Die Arbeitskraft ist keine Ware, mit der beliebig gehandelt werden könnte. Sie bleibt stets untrennbar mit ihrem Träger verbunden, bleibt Verausgabung wertvoller menschlicher Kraft und muss deswegen nachhaltig geschützt werden. Löhne und Gehälter sind Kosten für den Arbeitgeber, für die Arbeitnehmer aber sind sie als das zum Leben notwendige Einkommen das Äquivalent zu ihrem Wertschöpfungsbeitrag, den sie durch den Einsatz ihres Arbeitsvermögens erbringen.

4.1.2.2 Konflikte in der Arbeitswelt

Dass die Arbeitswelt durch vielfältige unterschiedliche, strukturelle und divergierende Interessenlagen geprägt ist, trägt zur progressiven Dynamik wie zur Entstehung von Konflikten bei. Die Betonung einer Gemeinschaftlichkeit der Arbeit darf diese nicht romantisierend überdecken. Den Sozialpartnern kommt die Aufgabe der Lösung dieser Konflikte und die Übersetzung in stabile Verhältnisse auf betrieblicher Ebene im Interesse aller zu. Gewerkschaften bündeln die Verantwortung der Arbeitnehmer in diesen Prozessen und sind deswegen von großer Bedeutung für das Gemeinwohl.

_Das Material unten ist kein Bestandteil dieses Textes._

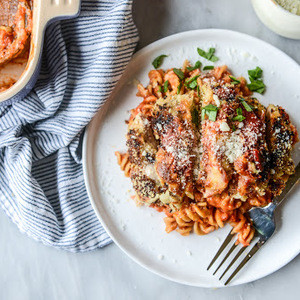 Pasta De Pollo Parmesano Horneada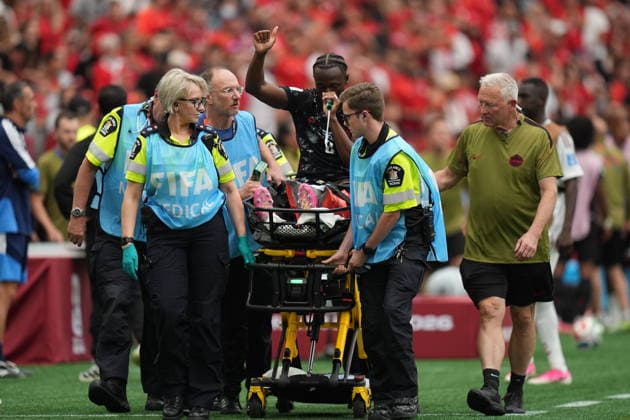 Canada v Qatar - FIFA World Cup, WM, Weltmeisterschaft, Fussball 2026 - Group B VANCOUVER, CANADA - JUNE 18: Players of Canada huddle after Ismael Kone got injured in his leg during the 2026 FIFA World Cup First Stage Group B match between Canada and Qatar at BC Place Stadium in Vancouver, Canada on June 18, 2026. Ercin Erturk Anadolu British Columbia Canada. Editorial use only. Please get in touch for any other usage.  Copyright: x2026xAnadoluxErcinxErturkx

Viele Konflikte haben sich heute auf die internationale Ebene verschoben. Die Internationalisierung von Wertschöpfungsketten erfordert deswegen auch globale Verantwortungsübernahme und Engagements deutscher Unternehmen und Sozialpartner. In einem gemeinsamen Dialog mit zivilgesellschaftlichen, insbesondere kirchlichen Gruppen muss versucht werden, soziale und ökologische Mindeststandards in den Wertschöpfungsketten, deren Produkte in Deutschland konsumiert werden, durchzusetzen.

4.1.2.3 Zusammenfassung

Wie eine Gesellschaft künftig leben will, konkretisiert sich in nuce in der heutigen Gestaltung der Arbeitswelten, da hier bewusst, produktiv und zukunftsorientiert gehandelt wird. Wo dieses Handeln nicht erfolgreich ist, verschwinden Unternehmen vom Markt. Sind Arbeitswelten in Unternehmen, Branchen, Volkswirtschaften gut organisiert, können sich die menschlichen Kräfte trotz aller Belastungen in der Arbeit und aus der Arbeit immer wieder regenerieren. Im produktiven Miteinander werden tragfähige Ergebnisse erzielt. Das eigene Handeln erfährt Resonanz, neue Perspektiven müssen entstehen, Menschen und Organisationen entwickeln sich weiter. Gute Arbeit ist in diesem Sinne nachhaltig und bleibt darin bezogen auf Arbeits- und Lebensbereiche außerhalb der Erwerbsarbeit, ermöglicht auch Sorgearbeit in der Familie und zivilgesellschaftliches Engagement. So ist gute Arbeit integraler Bestandteil eines guten Lebens und wird mit Blick auf die solidarischen Aspekte von gewerkschaftlichem Engagement gestützt und gefördert.